六月的天,热得人喘不过气来。
太阳毒辣辣地掛在头顶,照得地上的石板都发烫。
知了躲在树荫里,一声接一声地叫,叫得人心烦意乱。
洛凡这些日子,几乎住在钢铁厂里了。
厂房里更热,高炉一开,热气扑面而来,跟蒸笼似的。
工人们光著膀子,汗流浹背,但没有一个人叫苦。
大家都知道,这是在造一个从来没有人造过的东西,能参与进来,那是几辈子修来的福分。
“大人,连杆的料子又废了一炉。
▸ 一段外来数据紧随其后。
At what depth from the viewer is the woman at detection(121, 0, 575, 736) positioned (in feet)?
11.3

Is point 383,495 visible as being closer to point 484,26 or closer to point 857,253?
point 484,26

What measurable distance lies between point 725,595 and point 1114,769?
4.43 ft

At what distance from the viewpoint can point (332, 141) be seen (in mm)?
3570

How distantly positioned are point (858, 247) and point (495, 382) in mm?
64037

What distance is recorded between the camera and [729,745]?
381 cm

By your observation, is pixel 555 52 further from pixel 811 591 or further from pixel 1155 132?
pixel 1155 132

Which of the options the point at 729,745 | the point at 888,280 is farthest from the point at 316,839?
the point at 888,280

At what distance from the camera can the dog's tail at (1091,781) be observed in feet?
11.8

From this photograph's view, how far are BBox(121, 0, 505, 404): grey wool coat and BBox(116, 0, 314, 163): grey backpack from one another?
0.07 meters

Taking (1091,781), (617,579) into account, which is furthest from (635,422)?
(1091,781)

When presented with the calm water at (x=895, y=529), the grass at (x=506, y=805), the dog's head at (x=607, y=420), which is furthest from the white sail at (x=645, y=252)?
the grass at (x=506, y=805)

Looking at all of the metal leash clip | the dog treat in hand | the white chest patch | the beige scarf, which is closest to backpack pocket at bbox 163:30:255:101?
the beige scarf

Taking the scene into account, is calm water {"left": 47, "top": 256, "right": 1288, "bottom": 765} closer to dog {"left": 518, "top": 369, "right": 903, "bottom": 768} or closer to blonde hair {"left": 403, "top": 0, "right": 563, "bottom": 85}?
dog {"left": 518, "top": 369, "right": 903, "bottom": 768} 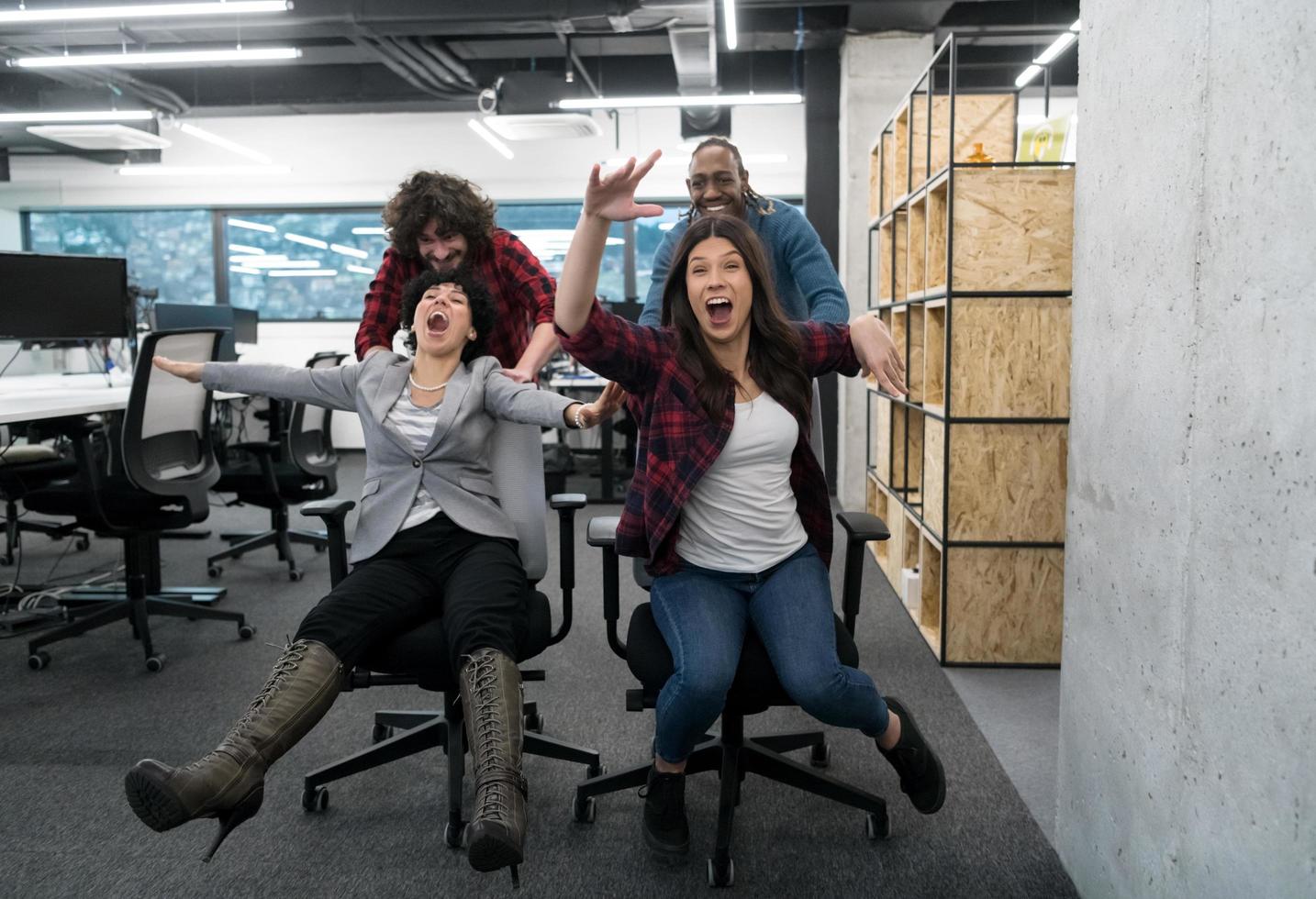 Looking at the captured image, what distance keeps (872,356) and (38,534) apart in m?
5.03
”
老李头走过来,满脸都是黑灰,身上的褂子湿透了,贴在身上。
洛凡蹲下来,看了看那根报废的连杆,嘆了口气:“废了就废了,接著炼,把配方再调一调,铬的比例加两个点。”
老李头点了点头,在本子上记下来,转身又去忙活了。
洛凡站起来,走到飞机旁边,伸手摸了摸机翼的骨架。
这已经是第二版了,比第一版结实了不少,但他还是觉得不够。
“强度还差一点。”
他自言自语,拿出尺子量了量翼梁的尺寸:“再粗两分,重量增加不多,但安全係数能提一大截。”
旁边的工匠连忙记下来。
洛凡又在厂房里转了一圈,检查了发动机的组装进度,看了看螺旋桨的打磨情况,跟几个师傅討论了几个技术问题。
不知不觉,一整天就过去了。
等他走出厂房,天已经黑了。
他浑身是汗,衣服上沾满了油污和铁锈,整个人灰头土脸的。
“大人,回府吧?”车夫老马走过来。
洛凡点了点头,上了马车。
车厢里闷热,他靠在椅背上,闭著眼睛,脑子里还在转著飞机的事。
这些日子,他几乎把所有的精力都扑在了飞机上。
政务方面的事,能推的就推了,不能推的就交给李景隆他们去办。
朱標那边也好些日子没去请安了。
但他不担心。
朱標知道他忙什么,不会怪他。
马车轔轔前行,穿过京城的大街小巷。
街上还有不少人在乘凉,摇著扇子,聊天说笑。路灯已经亮了,橘黄色的光照在地上,暖洋洋的。
洛凡掀开车帘看了一眼,嘴角微微翘了翘,又放下了。
日子一天天过,各有各的忙法。
他忙他的飞机,百姓忙百姓的日子,都一样。
……
御花园里,老朱正蹲在地头上,小心翼翼地扒拉著红薯藤。
六月的红薯,还没到收穫的时候,但他种的这两分地是早熟品种,已经可以挖了。